Some of the best
Sarah Walk burst onto the scene with her stunning debut ‘Little Black Book’ in 2017. It was one of my favourite albums of the year so I was very intrigued as to how the piano-based alt-rocker would continue with her follow up ‘Another Me’. This time around, Sarah is in a more reflective mood. Substituting louder guitars for softer synths and lots of softer effects, this album is an emotional rollercoaster.
‘Another Me’ is an album that really shines as an emotional whirlpool. The title track speaks of that tipping point between choosing to move towards a better version of yourself after describing how her current version of herself is lacking, or full of traits she does not want. If you view the album through this lens, many of the other songs make sense as they form points of journey towards getting there.
‘Nobody Knows’ laments ‘what if it never comes’ around a circular stuttering beat and quick acoustic guitar as if you are spiralling into self doubt. The rousing anthem in waiting ‘What Do I Want’ literally explains the moment of crossroads and deciding what direction you want to spear off into. What I love about this is that even the song is produced in a way that feels like its stretching out its hand for the first time towards something it wants. The song has a euphoric chord progression but its placed on uneasy timid production so it sounds like a re-birthing. It is subtle and clever production and that reflective and thoughtful tone is present throughout the album. You hear it from the rewinding vocals on the opening track ‘Unravel’ that has more in common with an experimental Sarah McLachlan that a rock piece.
This nuance in production also lends itself towards tense moments of drama. ‘The Key’ is cinematic as spasms of electric guitar explode over sleek and sensual bass, organ and percussion sections. It is here where a secondary penny dropped for me, which is that ‘Another Me’ is also about identity and reclaiming your own identity. Whilst this may be about Sarah Walk coming out, a lot of the themes can be overlaid onto other reclaimations too. Feelings of not being included or feeling yourself permeate ‘The Outside’ as thick and dense strings and hammering drums smack against a clunky piano/toy piano crossover noise.
From there the album moves into a more defiant and confident as ‘Take Me As I Am’ allows Sarah Walk to proudly and brightly stand tall as herself. It is a beautiful track and I can also identify parts of myself within it too. What Sarah then does is take things a step further with ‘Flowers Grow’. This gorgeous ballad explains ‘I don’t know where you end and where I begin’ and she is speaking to her other version of herself. What she previously felt uncomfortable with at the start of the album is now something that she acknowledges. There is a calm reflection here that realises all that pain, hurt, anguish and confusion forms who you are today and you carry it along with you. It may not be your most immediate traits but those seeds still bloom within. The album closes with a quintessential Sarah Walk ballad which after two albums already feels like a staple required for every release.
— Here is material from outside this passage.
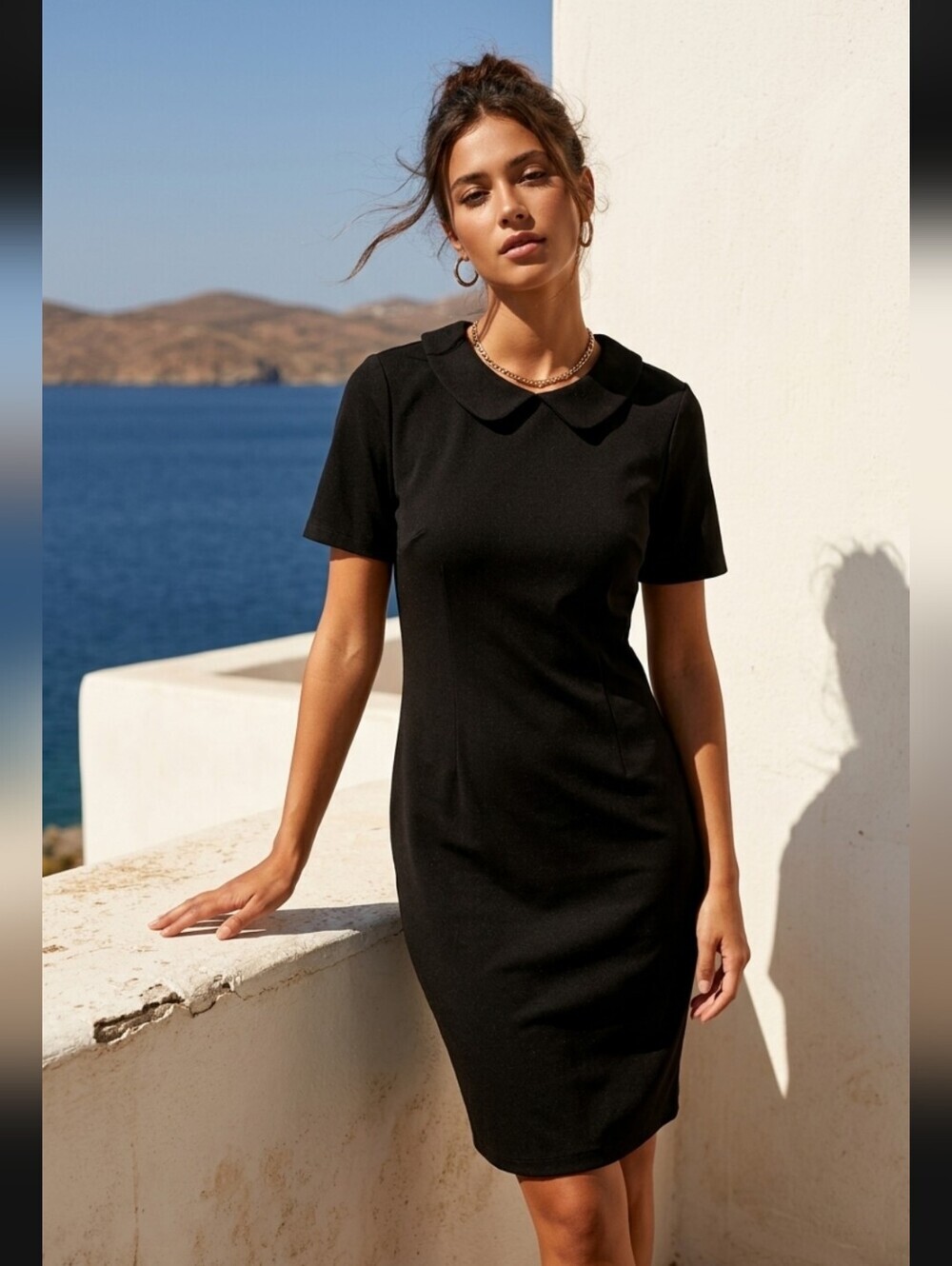 Piphany Classic Black Midi Dress Short Sleeve Collard Size Large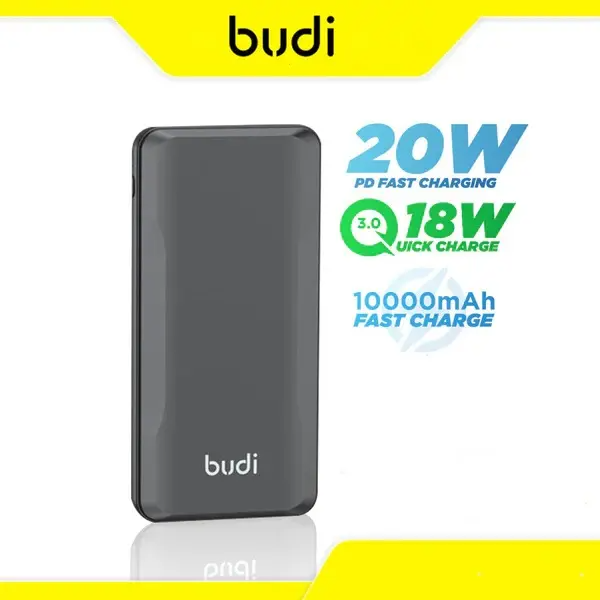 Budi Portable Power Bank 10000mAh, Portable Charger Power Bank with 3 USB Ports, PD Fast Charging USB Power Bank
‘Another Me’ wasn’t the aggressive and defiant album I had expected, especially when there was the provocative ‘CTRL’ single between the albums. This is a sombre but deeply cathartic experience that touched a deep root within me. As someone who doesn’t feel confident merging together different elements of my own self, sexuality and expression, every song spoke to me on a deeply personal level. The album itself is like a smooth snuggle of honey trickling down your ear and massaging your brain. It tells you it will get better but that pain will be part of the healing process. Sarah Walk pulls punches but she also knows how to make meaty resolutions and that is why this album, both in its music and narrative, is an absolute triumph.